Problem statement:
Pictures in the listing below are skipped, while the lines from the "195 divided by" line through the "Today we will" line are returned word for word.

Records shown:

▽

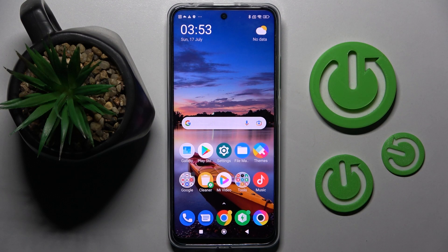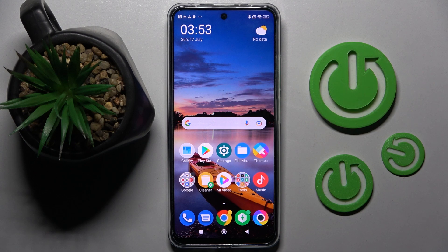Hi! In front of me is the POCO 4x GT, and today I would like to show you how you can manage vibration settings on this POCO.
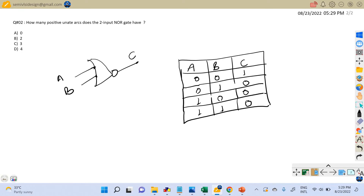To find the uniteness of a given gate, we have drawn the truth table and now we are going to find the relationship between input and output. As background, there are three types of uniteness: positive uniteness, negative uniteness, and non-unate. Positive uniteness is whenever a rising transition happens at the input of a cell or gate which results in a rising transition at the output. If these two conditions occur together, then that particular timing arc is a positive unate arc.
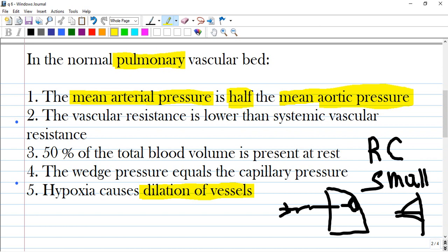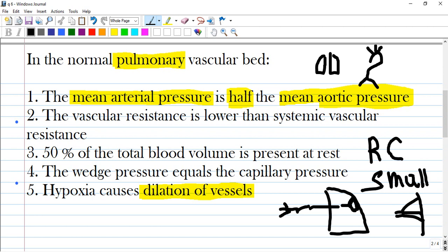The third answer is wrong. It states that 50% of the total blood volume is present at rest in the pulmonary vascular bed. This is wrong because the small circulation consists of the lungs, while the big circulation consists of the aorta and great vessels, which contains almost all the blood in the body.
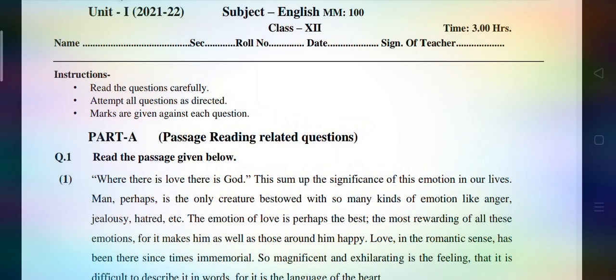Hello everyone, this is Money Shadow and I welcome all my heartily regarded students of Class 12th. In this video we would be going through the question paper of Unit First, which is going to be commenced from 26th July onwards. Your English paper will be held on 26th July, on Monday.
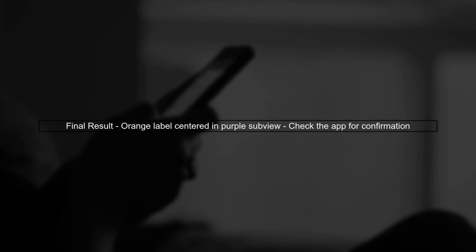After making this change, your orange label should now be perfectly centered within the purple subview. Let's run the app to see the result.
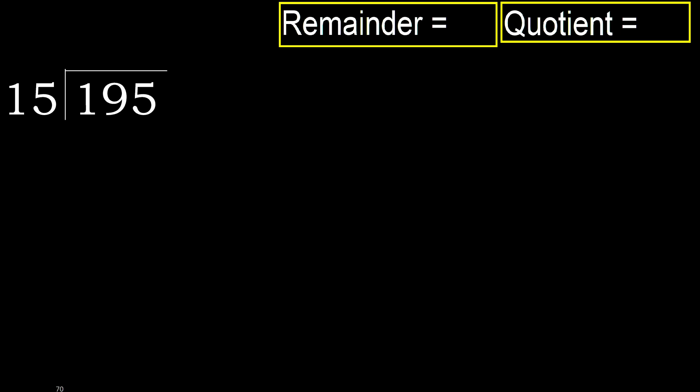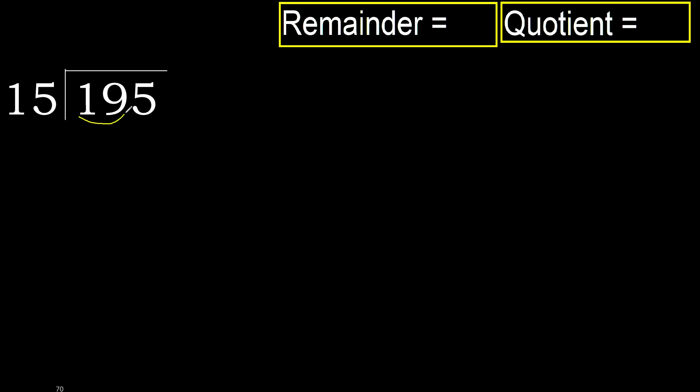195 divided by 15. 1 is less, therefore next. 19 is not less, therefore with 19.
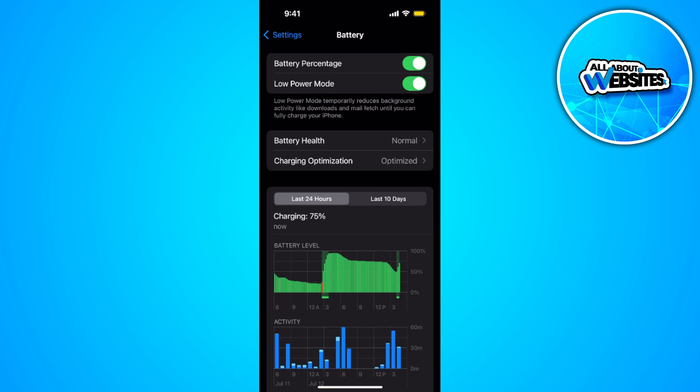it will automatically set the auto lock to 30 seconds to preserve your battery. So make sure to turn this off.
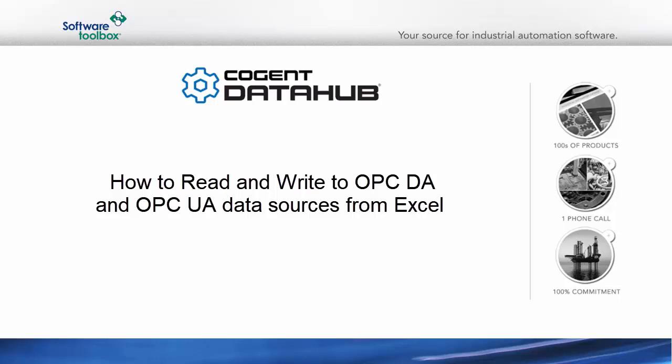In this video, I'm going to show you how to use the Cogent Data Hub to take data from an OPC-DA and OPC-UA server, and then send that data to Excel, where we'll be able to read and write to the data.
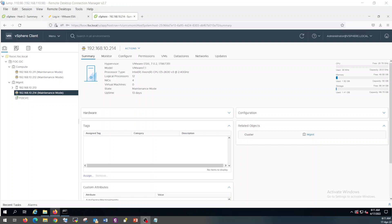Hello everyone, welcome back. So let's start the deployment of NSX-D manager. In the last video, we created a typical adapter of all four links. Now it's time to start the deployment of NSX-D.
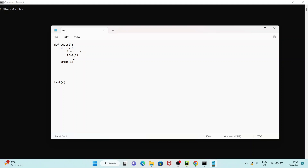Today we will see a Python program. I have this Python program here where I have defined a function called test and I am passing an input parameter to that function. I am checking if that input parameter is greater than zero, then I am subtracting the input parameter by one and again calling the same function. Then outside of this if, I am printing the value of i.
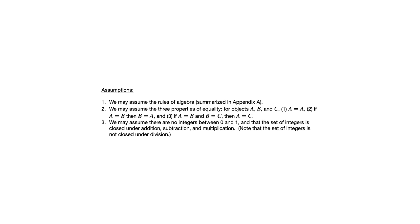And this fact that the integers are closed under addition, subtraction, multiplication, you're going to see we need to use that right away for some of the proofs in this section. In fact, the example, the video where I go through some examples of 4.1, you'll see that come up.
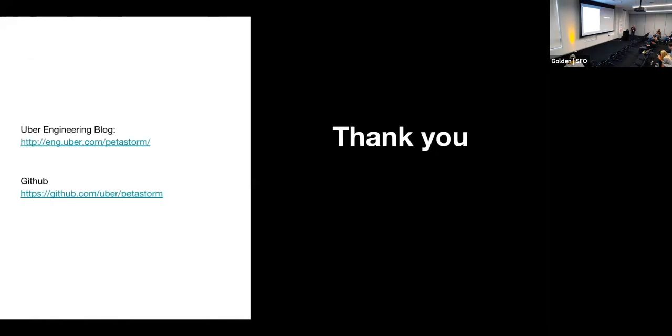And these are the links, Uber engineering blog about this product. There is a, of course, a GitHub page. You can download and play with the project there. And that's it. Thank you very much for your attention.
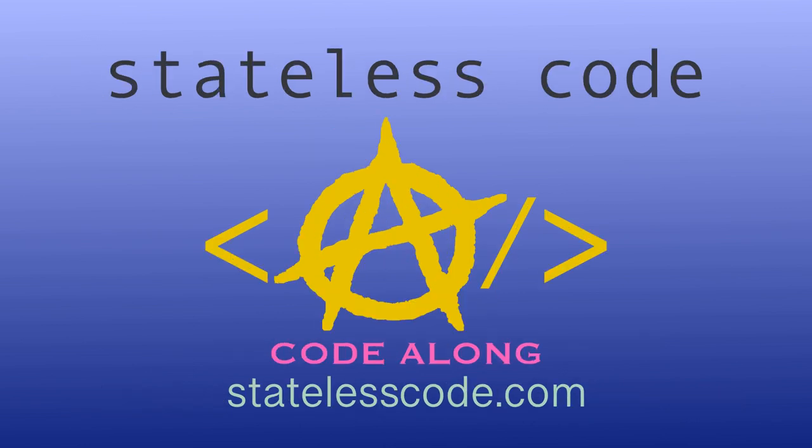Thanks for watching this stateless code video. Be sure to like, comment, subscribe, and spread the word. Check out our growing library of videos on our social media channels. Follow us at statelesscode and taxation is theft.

△
▽

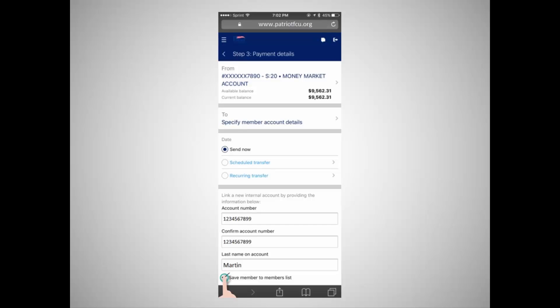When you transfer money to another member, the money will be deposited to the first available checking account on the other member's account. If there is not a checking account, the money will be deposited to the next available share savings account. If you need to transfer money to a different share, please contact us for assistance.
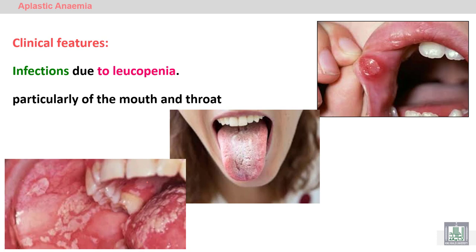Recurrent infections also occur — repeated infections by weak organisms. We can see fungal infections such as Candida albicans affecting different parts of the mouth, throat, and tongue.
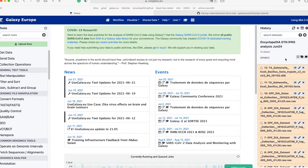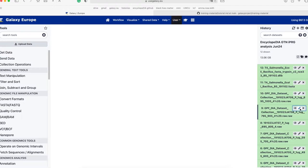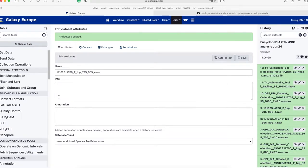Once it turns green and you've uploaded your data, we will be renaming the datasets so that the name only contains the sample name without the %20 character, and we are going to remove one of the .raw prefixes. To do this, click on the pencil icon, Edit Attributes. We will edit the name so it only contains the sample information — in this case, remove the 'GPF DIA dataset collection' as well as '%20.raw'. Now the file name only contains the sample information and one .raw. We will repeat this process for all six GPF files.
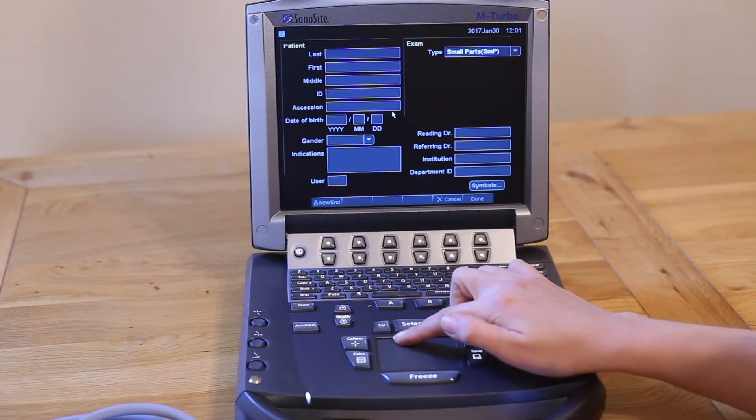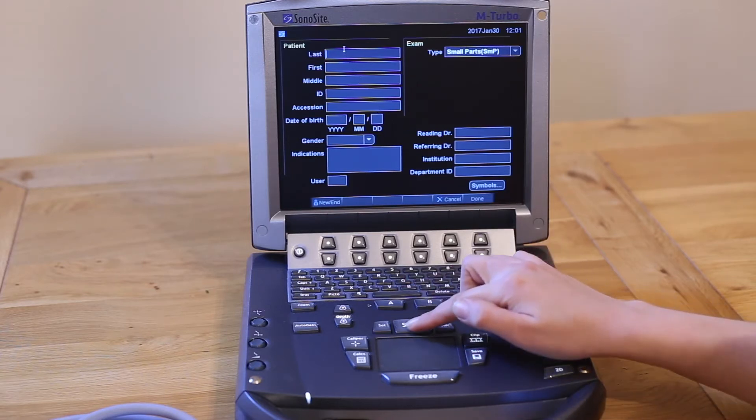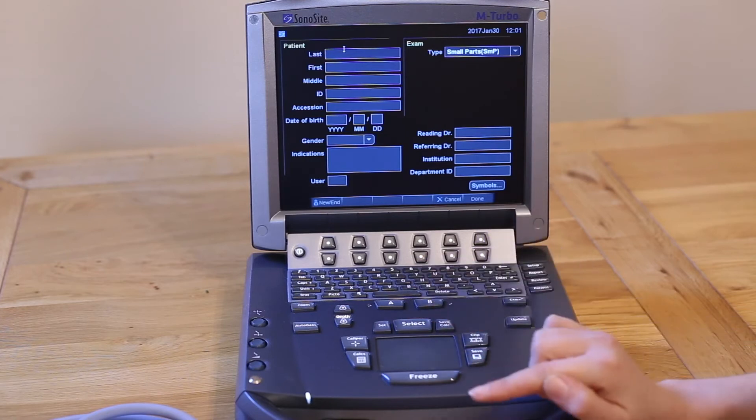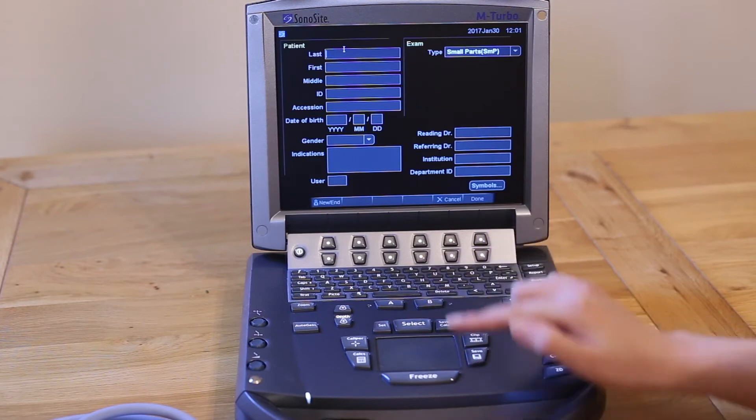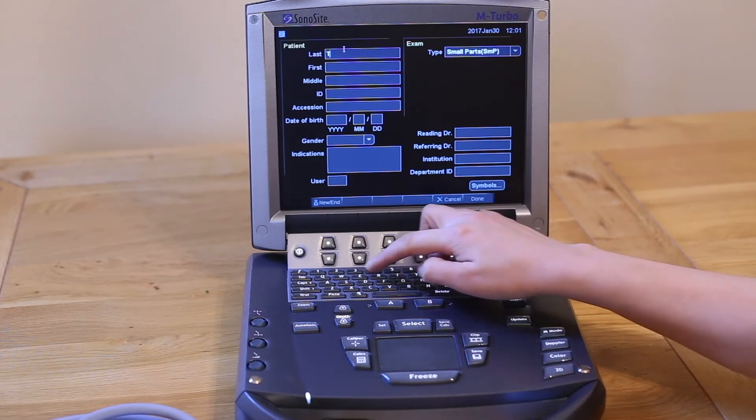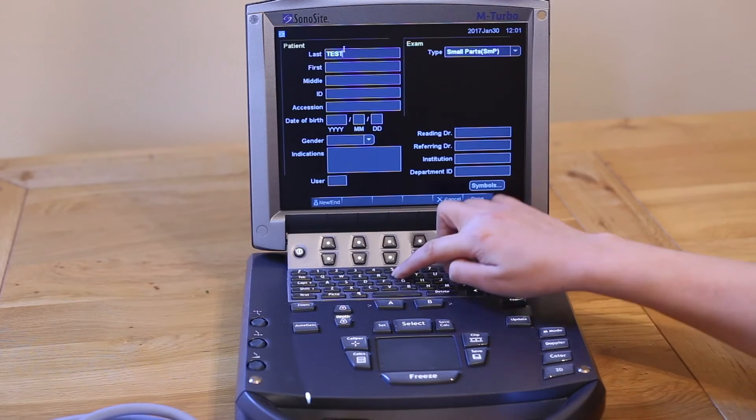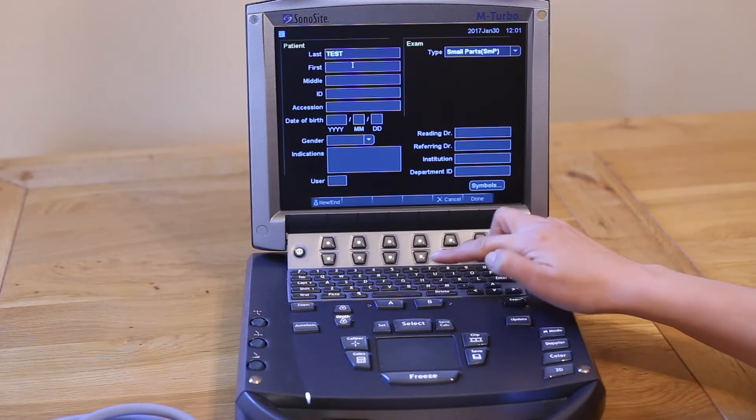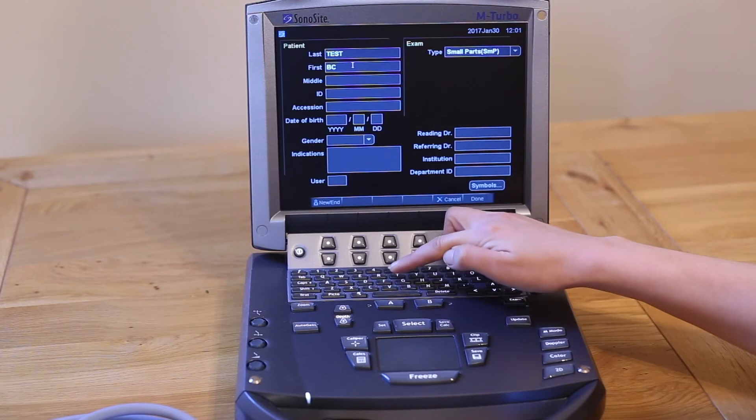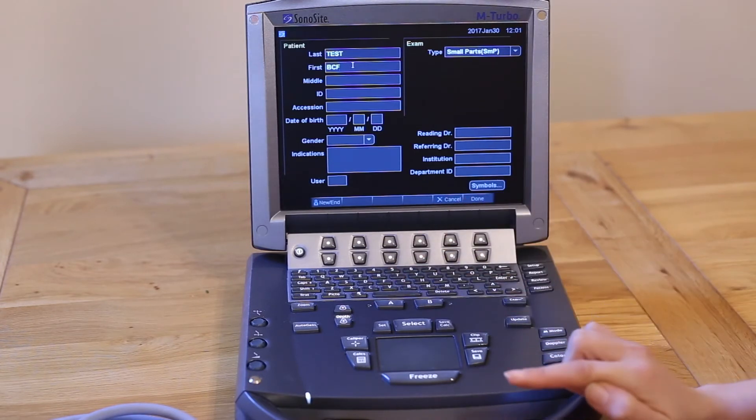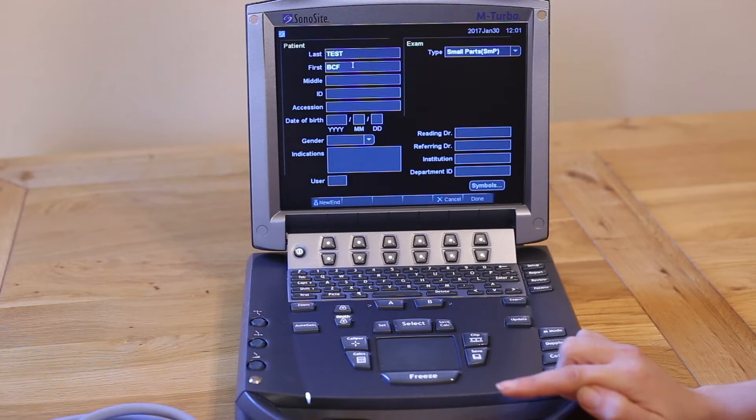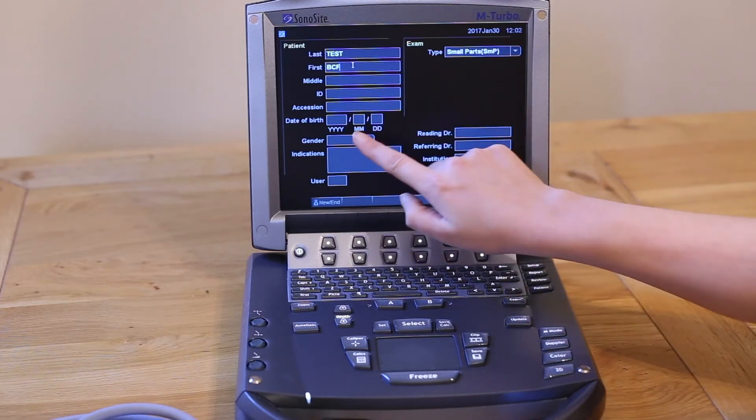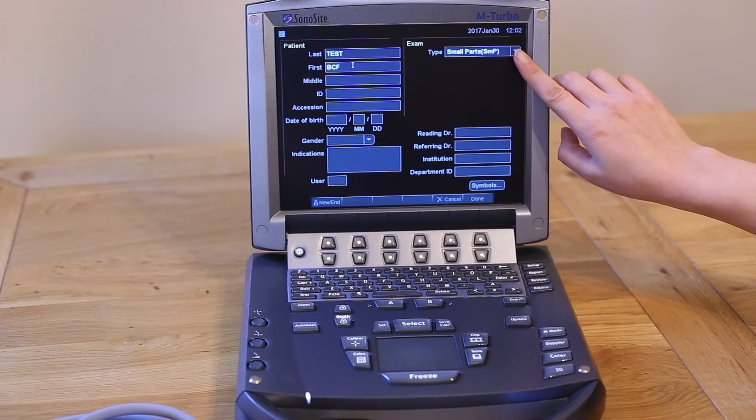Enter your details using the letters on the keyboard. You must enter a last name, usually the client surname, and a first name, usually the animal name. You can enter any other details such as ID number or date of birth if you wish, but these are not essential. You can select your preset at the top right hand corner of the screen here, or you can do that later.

△
▽

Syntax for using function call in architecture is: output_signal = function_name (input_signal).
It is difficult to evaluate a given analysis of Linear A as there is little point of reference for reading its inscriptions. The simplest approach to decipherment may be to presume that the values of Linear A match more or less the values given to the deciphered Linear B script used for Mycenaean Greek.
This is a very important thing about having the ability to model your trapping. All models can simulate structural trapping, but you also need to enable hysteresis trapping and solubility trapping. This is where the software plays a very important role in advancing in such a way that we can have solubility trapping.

△

Output of the task:
195 divided by 15. 1 is less, therefore next. 19 is not less, therefore with 19.
it will automatically set the auto lock to 30 seconds to preserve your battery. So make sure to turn this off.
In this video, I'm going to show you how to use the Cogent Data Hub to take data from an OPC-DA and OPC-UA server, and then send that data to Excel, where we'll be able to read and write to the data.
Hello everyone, welcome back. So let's start the deployment of NSX-D manager. In the last video, we created a typical adapter of all four links. Now it's time to start the deployment of NSX-D.
Today we will see a Python program. I have this Python program here where I have defined a function called test and I am passing an input parameter to that function. I am checking if that input parameter is greater than zero, then I am subtracting the input parameter by one and again calling the same function. Then outside of this if, I am printing the value of i.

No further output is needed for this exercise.